Notwithstanding anything contained to the contrary in this Section 3, in no event shall all or any portion of the Option be exercisable after the
ten-year anniversary of the Date of Grant. 
 4. Method of Exercise. Subject to applicable law, the Exercise Price shall
be payable in cash, check, cash equivalent or by tendering, by either actual delivery of shares or by attestation, shares of Stock acceptable to the Committee, and valued at Fair Market Value as of the day of exercise, or in any combination thereof,
as determined by the Committee.
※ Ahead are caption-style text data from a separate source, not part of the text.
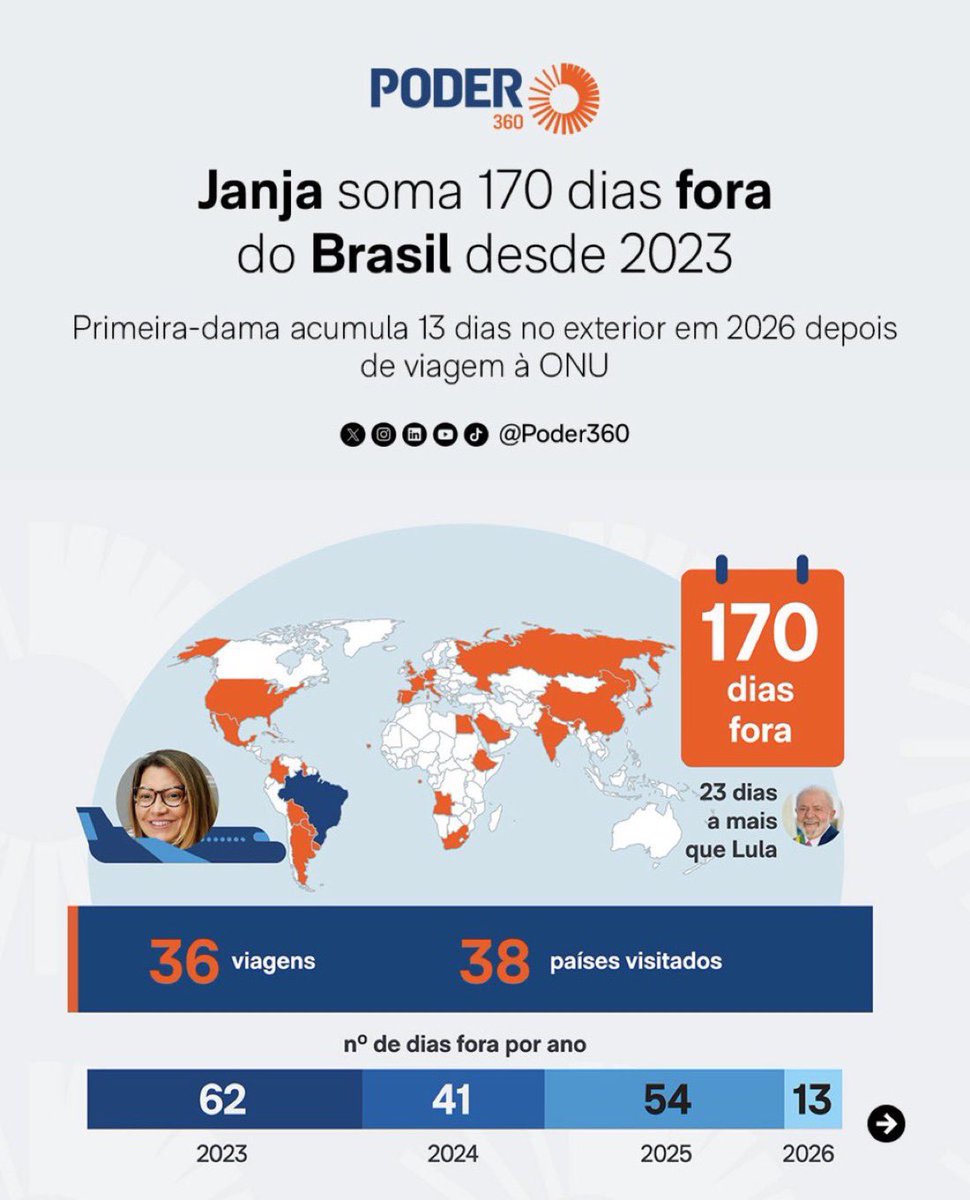 Nikolas Ferreira tweet media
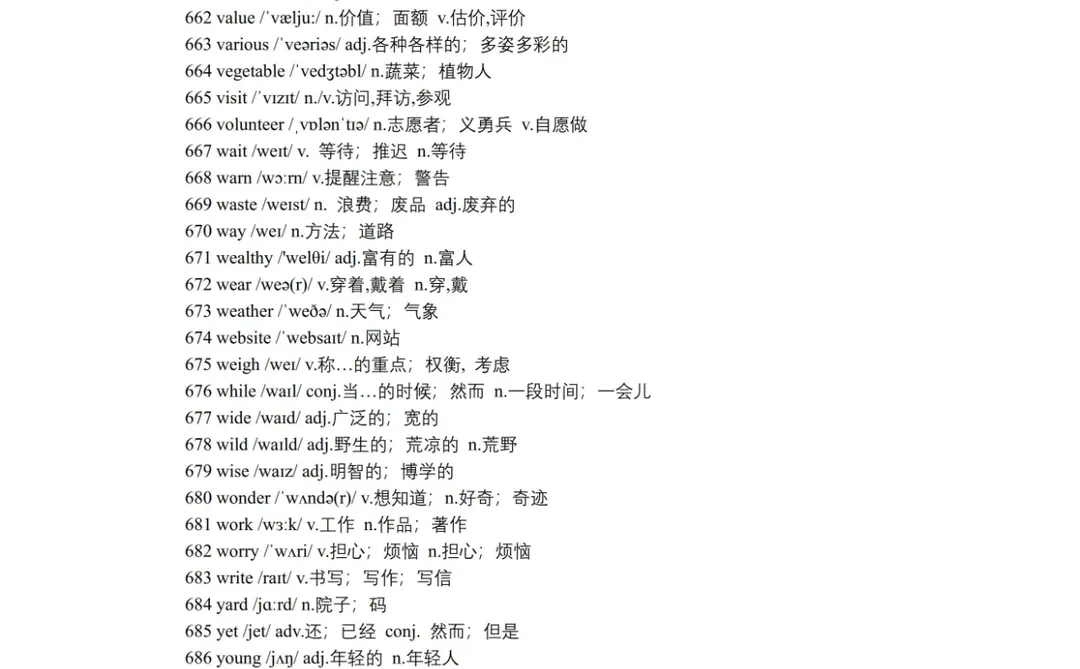 福建中考英语高频词📝 第1张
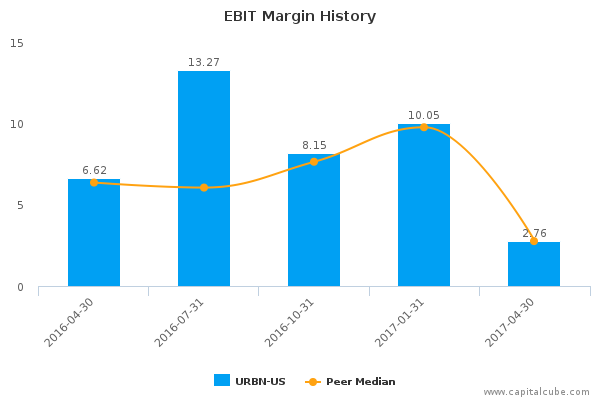 EBIT Margin History EBIT Margin History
Subject to applicable law, the Committee may permit a Participant to elect to pay the Exercise Price upon (i) the exercise of an Option by irrevocably authorizing a third party to sell, on behalf of the
Participant, shares of Stock (or a sufficient portion of the shares) acquired upon exercise of the Option and remit to the Company a sufficient portion of the sale proceeds to pay the entire Exercise Price and any tax withholding resulting from such
exercise, or (ii) such other method which is approved by the Committee. Notwithstanding the foregoing, if, on the last day of the Option Period, the Fair Market Value exceeds the Exercise Price, the Participant has not exercised the Option, and
the Option has not expired, such Option shall be deemed to have been exercised by the Participant on such last day by means of a net exercise and the Company shall deliver to the Participant the number of shares of Stock for which the Option was
deemed exercised less such number of shares of Stock required to be withheld to cover the payment of the Exercise Price and all applicable required withholding taxes, which portion of the Stock shall be delivered by the Company to its transfer agent
who will sell them on behalf of the Participant in order to pay the exercise price and the withholding tax. 
 5. Settlement
of the Options. The Company undertakes and agrees to settle the Options only by issuing stocks and will not exercise its right under the Plan to settle the Options by any other means. 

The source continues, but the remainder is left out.